> _DESCRIPTION OF THE TASK_:
With the images removed, return every line below exactly as it reads.

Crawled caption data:
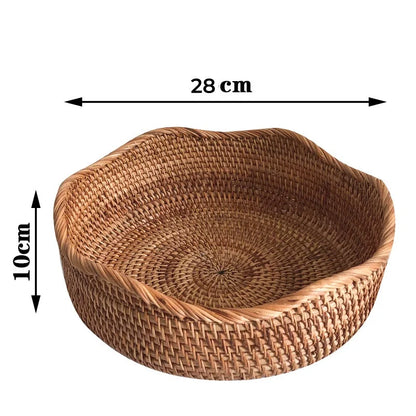 Round Rattan Storage Baskets Set Handwoven Wicker Organizer for Home Decor Kitchen Bathroom Bedroom Decorative Storage Bins
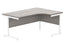 Office Right Hand Corner Desk With Steel Single Upright Cantilever Frame | 1600X1200 | Grey Oak/White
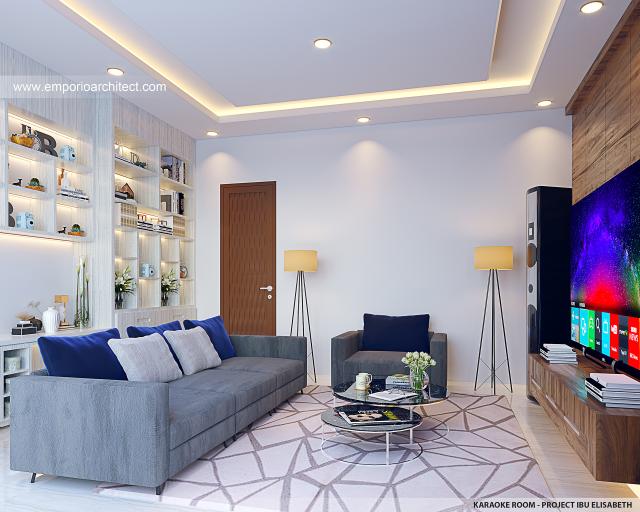 Desain Ruang Karaoke Rumah Modern 3 Lantai Ibu EBT di Jakarta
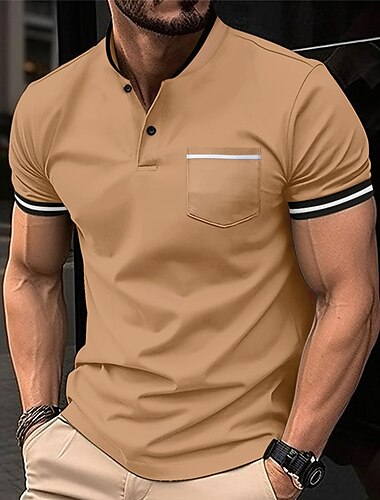  Herren Golfhemd Golf Poloshirts Arbeit Casual Ständer Kurzarm Basic Modern Farbblock Patchwork Knopf Frühling Sommer Regular Fit Wein Schwarz Weiß Himmelblau Khaki Grau Golfhemd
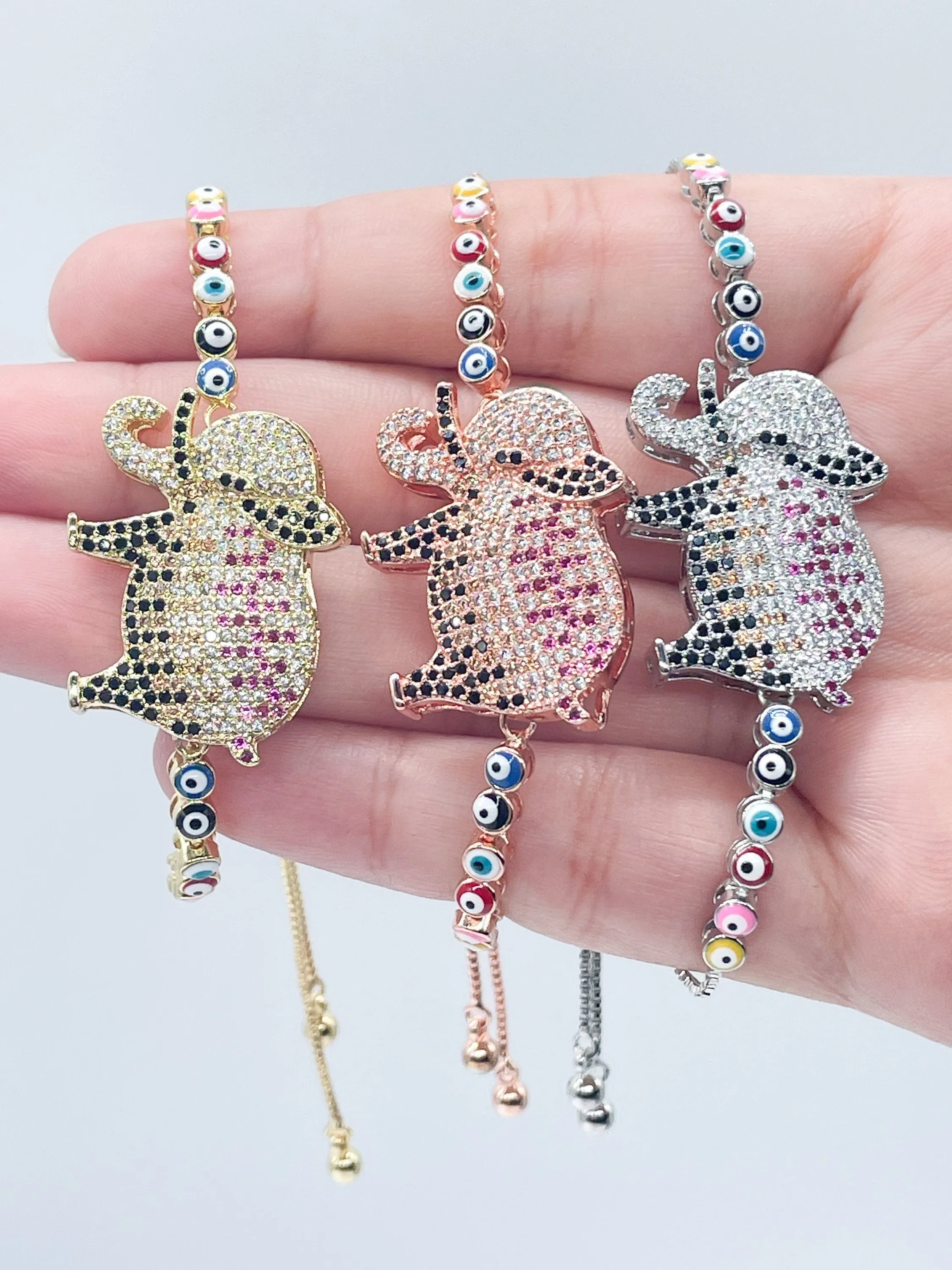 18k Gold Filled Adjustable Multicolor Cubic Zirconia Elephant Bracelet Featuring Colorful Evil Eyes Connected in a Slide Clasp Bracelet
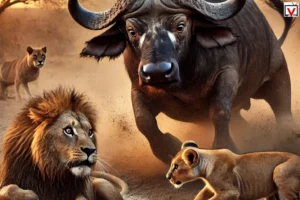 Buffalo attacks Lion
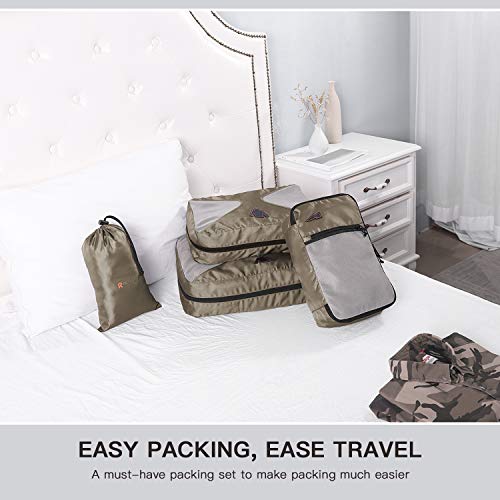 REYLEO 4 Set Packing Cubes Travel Luggage Organizer Storage Bags Pouch Clothing Shoe Sorting Packages Brown CCPO1 - Thumbnail 6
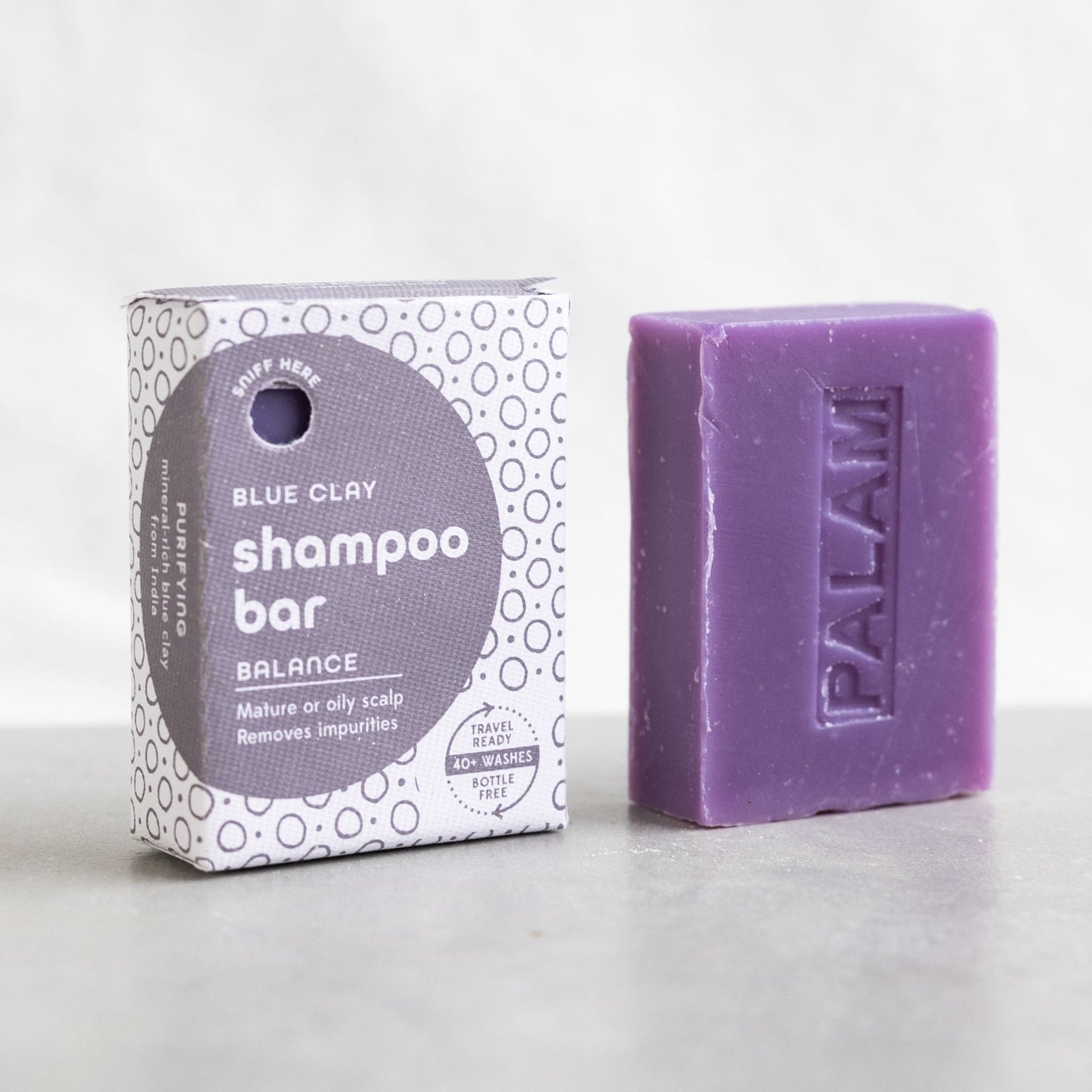 Shampoo bar M/5 blue clay/neem 3.2oz gray/wht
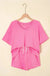 V Neck Drop Shoulder Tee & Patchwork Shorts Set - LECCE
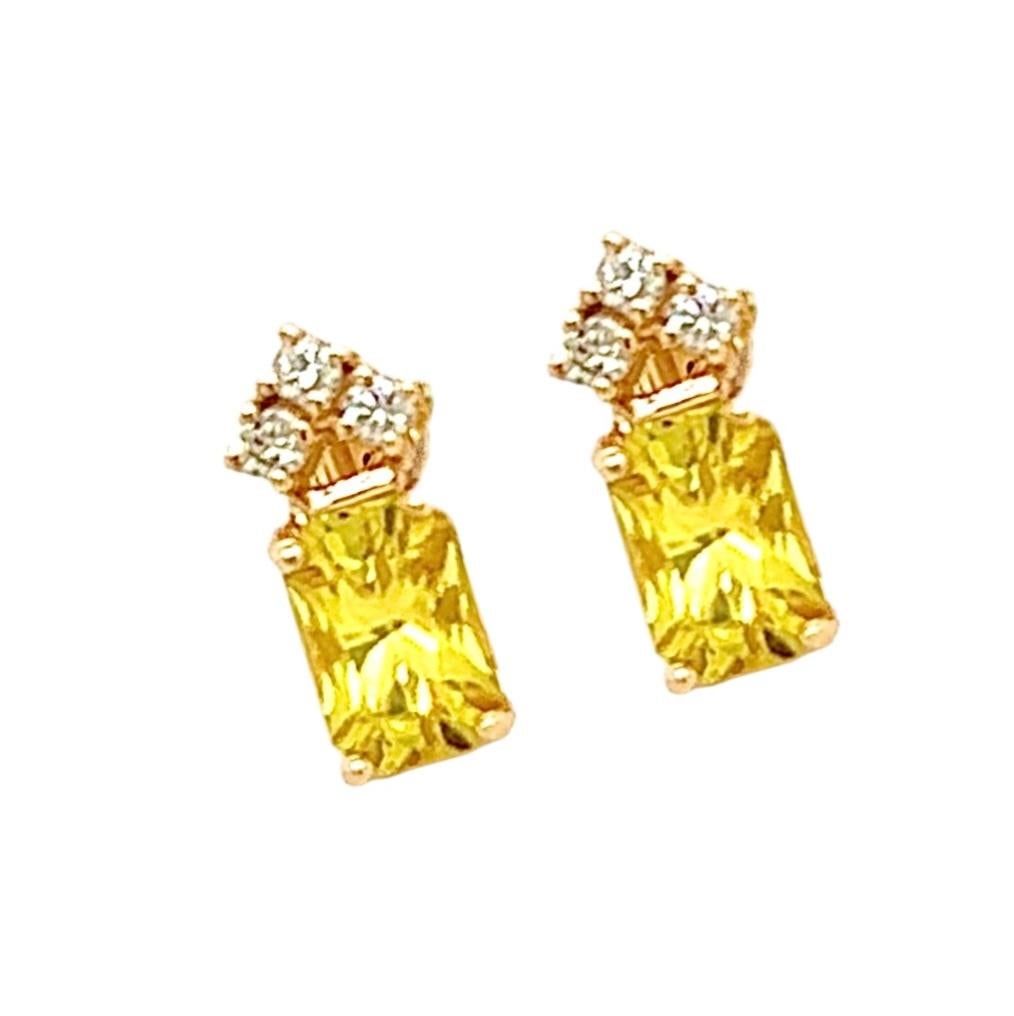 Orecchini con zaffiro naturale e diamante in oro 14k 1,74 TCW certificati in vendita 3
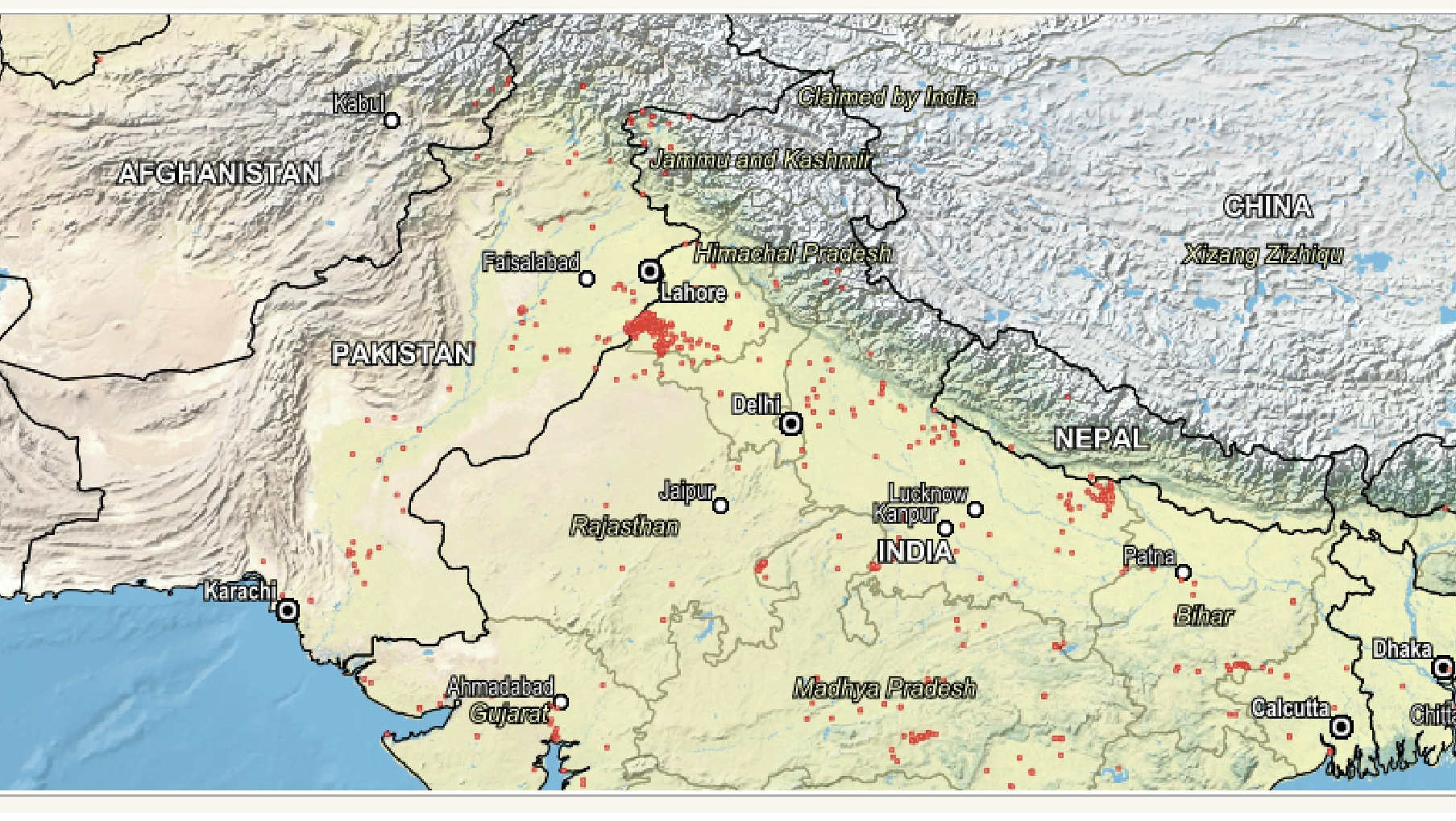 Stubble burning in northwest India_By NASA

> _TASK OUTPUT_:
 Round Rattan Storage Baskets Set Handwoven Wicker Organizer for Home Decor Kitchen Bathroom Bedroom Decorative Storage Bins
 Office Right Hand Corner Desk With Steel Single Upright Cantilever Frame | 1600X1200 | Grey Oak/White
 Desain Ruang Karaoke Rumah Modern 3 Lantai Ibu EBT di Jakarta
  Herren Golfhemd Golf Poloshirts Arbeit Casual Ständer Kurzarm Basic Modern Farbblock Patchwork Knopf Frühling Sommer Regular Fit Wein Schwarz Weiß Himmelblau Khaki Grau Golfhemd
 18k Gold Filled Adjustable Multicolor Cubic Zirconia Elephant Bracelet Featuring Colorful Evil Eyes Connected in a Slide Clasp Bracelet
 Buffalo attacks Lion
 REYLEO 4 Set Packing Cubes Travel Luggage Organizer Storage Bags Pouch Clothing Shoe Sorting Packages Brown CCPO1 - Thumbnail 6
 Shampoo bar M/5 blue clay/neem 3.2oz gray/wht
 V Neck Drop Shoulder Tee & Patchwork Shorts Set - LECCE
 Orecchini con zaffiro naturale e diamante in oro 14k 1,74 TCW certificati in vendita 3
 Stubble burning in northwest India_By NASA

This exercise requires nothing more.